Wednesday, November 12, 2008 Ben Leave a comment Go to comments

As most of you know, I work one half day a week at my daughters’ elementary school teaching a technology enrichment class to 4th, 5th and 6th graders.  In addition, I supply any IT needs that the teachers may occaisionally need, which has been very little as of late.compatibilitymode1

Last week, i was asked by the 1st grade teacher to assist getting a game installed on one of her classroom computers.  The computer runs Windows XP with 512 MB of RAM and has not traditionally been a “problem” machine.  When I asked her what the issue was, she told me that every time tried to install the game, an error telling her to upgrade her machine to Windows 95 appeared.
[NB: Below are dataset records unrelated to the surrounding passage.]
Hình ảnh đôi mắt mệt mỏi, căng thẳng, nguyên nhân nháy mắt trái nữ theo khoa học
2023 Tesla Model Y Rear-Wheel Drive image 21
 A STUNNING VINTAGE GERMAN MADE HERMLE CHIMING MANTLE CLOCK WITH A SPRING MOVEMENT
This is a very interesting problem, to say the least.  What happened was this particular program, which was written over a decade ago, was coded to query the operating system for its version.  If the program found that the Windows version was not Windows 95, then to abort the installation and display an error instructing the upgrade.  I guess the programmers of this particular game had no foresight or maybe were just pessimists — who knew someone would still be playing their game 13 years later?

Apparently, this is not an isoloated issue, as Microsoft provides a documented way to work around this problem.  The answer lies in something called Compatibility Mode, and its nothing short of telling Windows to lie.

The way we access this feature is opening the properties of a program’s shortcut.  Once there, we’ll see a Compatibility tab.  After clicking it, we’ll see a number of options we can select to make our new Windows play nice with programs designed for older Windows.  What effectively happens is that whenever a program asks Windows what version it is, Windows reports whatever version we decide to tell it to report.  So, instead of our elementary school teacher’s computer telling the truth and saying, “I’m a Windows XP” machine, it crosses its proverbial fingers and says, “I’m a <ahem> Windows 95 machine”.

I applied this setting to the problematic program for the teacher I was helping.  The program, happy with this answer, worked like a charm from then out.  Problem solved.

Making a computer lie, especially in a Christian school, is just too fun of a solution!